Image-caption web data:
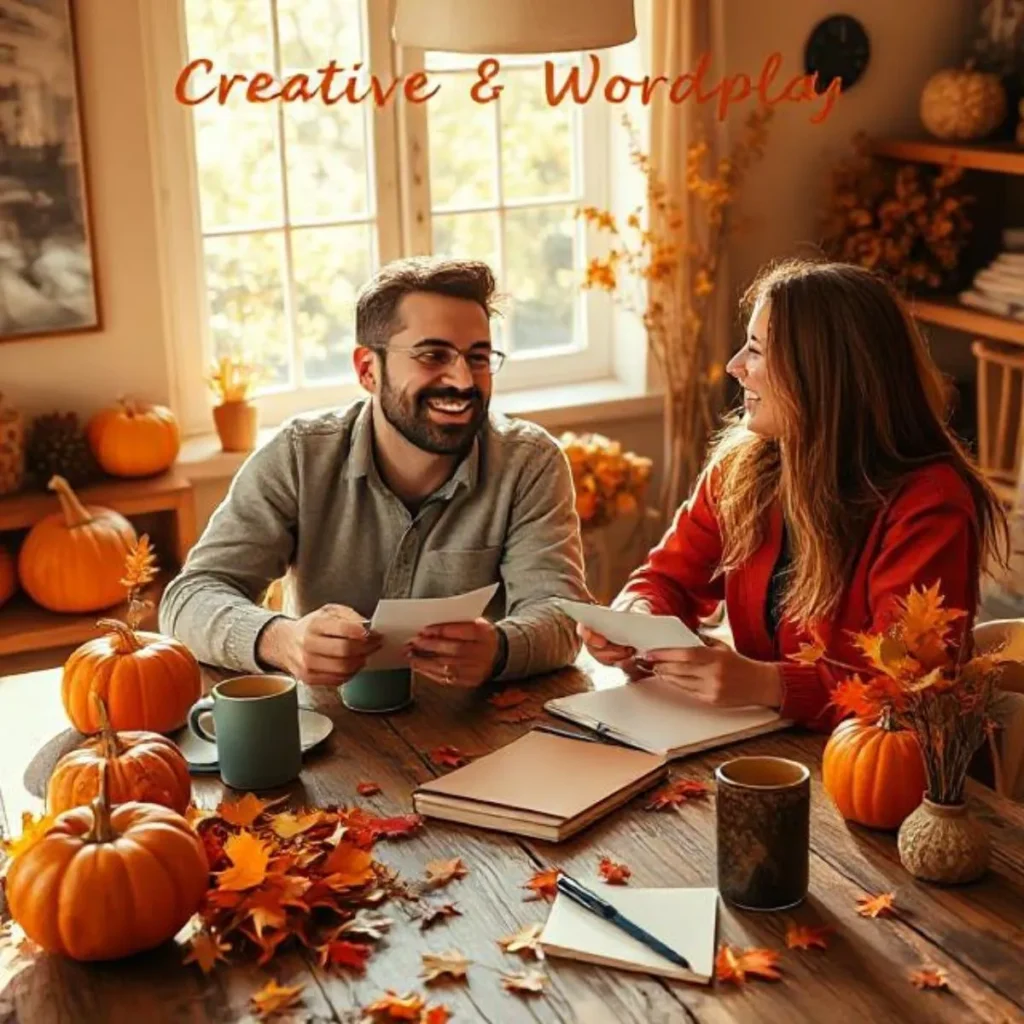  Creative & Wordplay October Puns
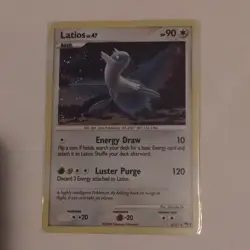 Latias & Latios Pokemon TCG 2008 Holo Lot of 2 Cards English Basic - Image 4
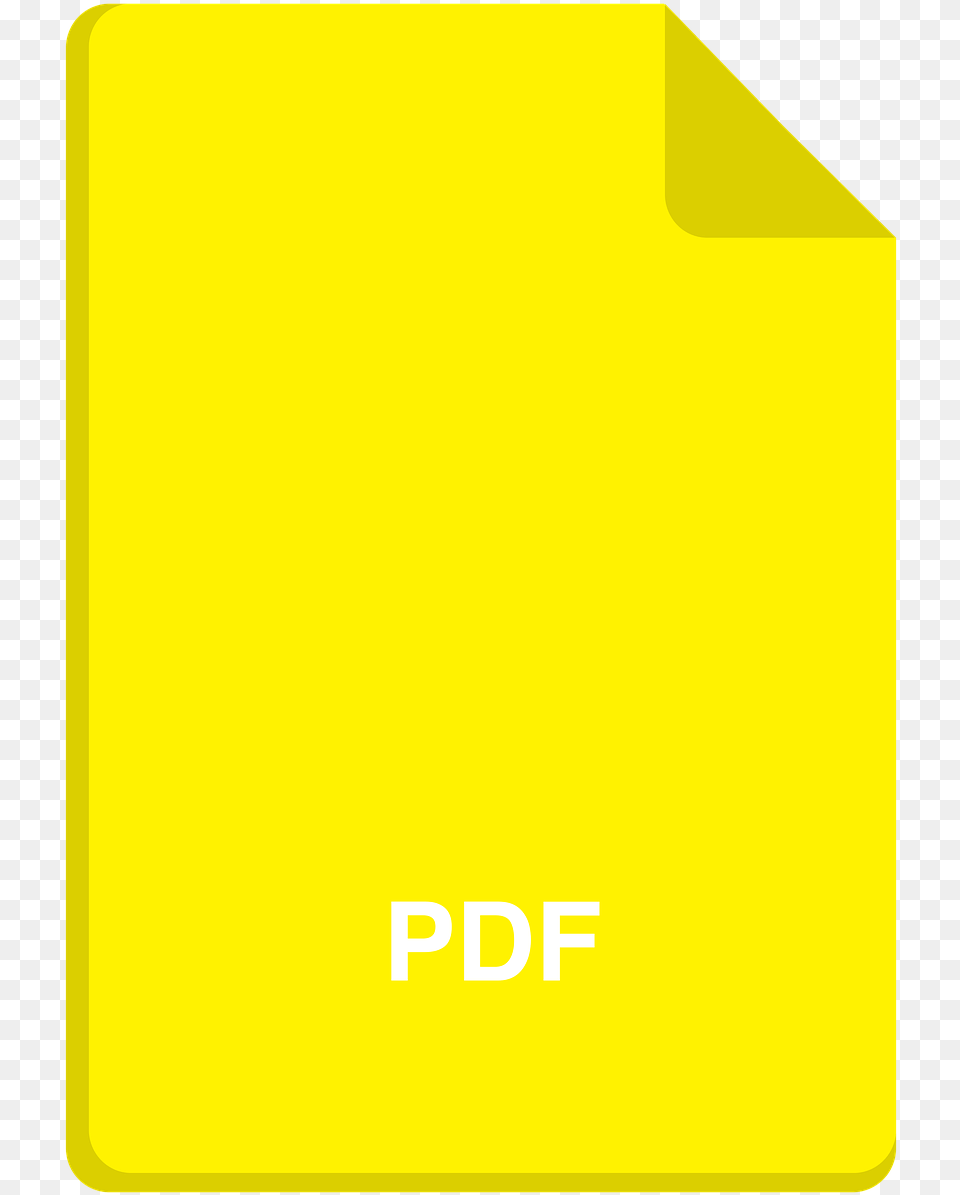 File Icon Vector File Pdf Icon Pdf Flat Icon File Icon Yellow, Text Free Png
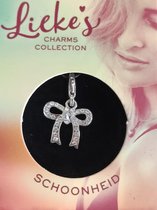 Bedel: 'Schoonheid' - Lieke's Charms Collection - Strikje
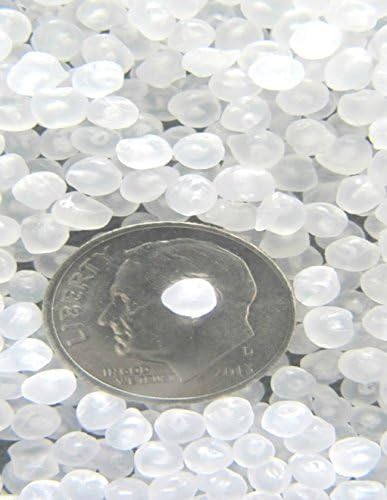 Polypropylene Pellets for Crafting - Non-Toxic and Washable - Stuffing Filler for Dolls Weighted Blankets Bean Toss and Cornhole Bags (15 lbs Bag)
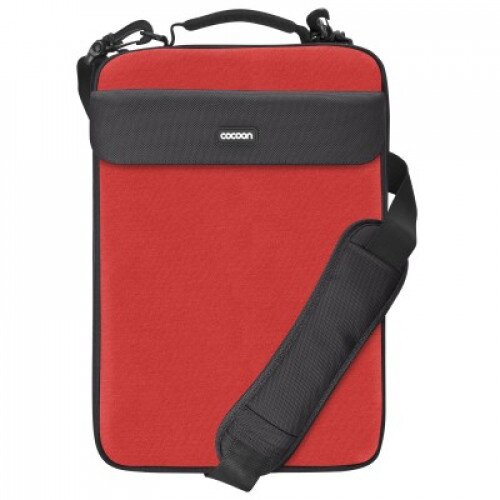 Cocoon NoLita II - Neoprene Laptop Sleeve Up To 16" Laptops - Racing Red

Your objective →
Without the pictures, copy all of the entries exactly as they appear.

Result for this task →
  Creative & Wordplay October Puns
 Latias & Latios Pokemon TCG 2008 Holo Lot of 2 Cards English Basic - Image 4
 File Icon Vector File Pdf Icon Pdf Flat Icon File Icon Yellow, Text Free Png
 Bedel: 'Schoonheid' - Lieke's Charms Collection - Strikje
 Polypropylene Pellets for Crafting - Non-Toxic and Washable - Stuffing Filler for Dolls Weighted Blankets Bean Toss and Cornhole Bags (15 lbs Bag)
 Cocoon NoLita II - Neoprene Laptop Sleeve Up To 16" Laptops - Racing Red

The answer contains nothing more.